Harden SMB startup, quieter protocol errors, and add tests/benches#21
lukekim merged 5 commits into
trunkfrom
smb-startup-resilience

Conversation

@lukekim
Copy link
Copy Markdown
Contributor

@lukekim lukekim commented May 14, 2026

Summary

Three resilience changes plus the tests and benchmarks for them.

  • Setup action dumps the spiceio log on failure (both unexpected exit and timeout) and the grace window goes from 30s to 60s. Previously the log was written to RUNNER_TEMP but never echoed, so any startup stall past 30s was undiagnosable. The earlier successful baseline took ~12s, so 30s left only ~2.5x headroom on slow server days.
  • TCP connect timeout (15s) wrapping TcpStream::connect. Without it, a server dropping SYNs leaves the OS waiting 75-90s and stalls pool init past any sensible CI window.
  • Pool connection retry via a new retry_with_backoff helper used by SmbPool::connect with a 250ms / 750ms / 2s schedule (4 attempts). A flaky connection during startup no longer takes down the whole pool init.
  • Quieter protocol-layer logging: smb_status_to_io_error was serr!-ing every SMB status, including expected ones (NotFound on HEAD probes, SharingViolation during WAL cleanup). The unconditional log is gone — mapped statuses return their typed io::Error silently and the catchall arm still logs truly unknown statuses. STATUS_SHARING_VIOLATION (0xC0000043) now maps to ErrorKind::ResourceBusy.
  • Tests (+21, now 142 total) covering the full status-code mapping, the retry helper semantics (including elapsed-time floor and exhaustion behavior), and the newly public parse_compound_response (moved from client.rs to protocol.rs).
  • Benches (+3 in protocol_bench.rs): parse_compound_response over n=2/4/8, pipelined_read_decode at (depth, chunk) = (8,64K) / (64,64K) / (64,8K) with throughput reporting (GetObject hot-path inner loop), and pipelined_write_encode at (8,64K) / (64,64K) / (64,1M) (WAL pipelined-write inner loop).

Test plan

  • make lint clean (fmt-check + clippy -D warnings + rustdoc -D warnings)
  • cargo test --lib — 142 passed, 0 failed
  • cargo bench --bench protocol_bench -- --test — every bench case runs its smoke iteration
  • cargo bench --bench protocol_bench -- 'pipelined_read_decode/d64_c65536' --quick — produces real numbers (~69 µs / 56 GiB/s on the dev machine)
  • CI green on this branch — re-run the previously failing job and confirm the new action surfaces the spiceio log if startup stalls

Three resilience changes plus the tests and benchmarks for them.

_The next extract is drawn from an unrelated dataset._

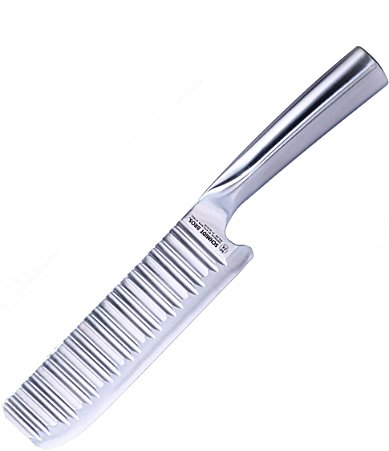 Schmidt Brothers Cutlery Evolution 7 Nakiri Knife - Silver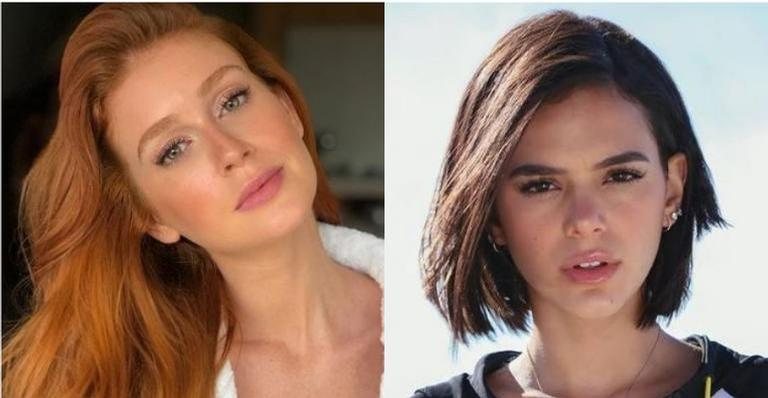 Marina Ruy Barbosa e Bruna Marquezine - Instagram / Reprodução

Setup action: dump the spiceio log on failure (both unexpected exit and
timeout). The log was being written to RUNNER_TEMP but never echoed, so
when startup stalled past the grace window there was no way to diagnose
which phase hung. Also doubled the grace from 30s to 60s — the previous
good run took ~12s, leaving only ~2.5x headroom for a slow server day.

TCP connect timeout: TcpStream::connect had no spiceio-level timeout, so
a server dropping SYNs left the OS waiting 75-90s and stalled pool init
past any sensible CI window. Wrapped in tokio::time::timeout(15s) with
explicit TimedOut error.

Pool connection retry: extracted retry_with_backoff helper used by
SmbPool::connect with a 250ms/750ms/2s schedule (4 attempts). A flaky
connection during startup no longer takes down the whole pool init.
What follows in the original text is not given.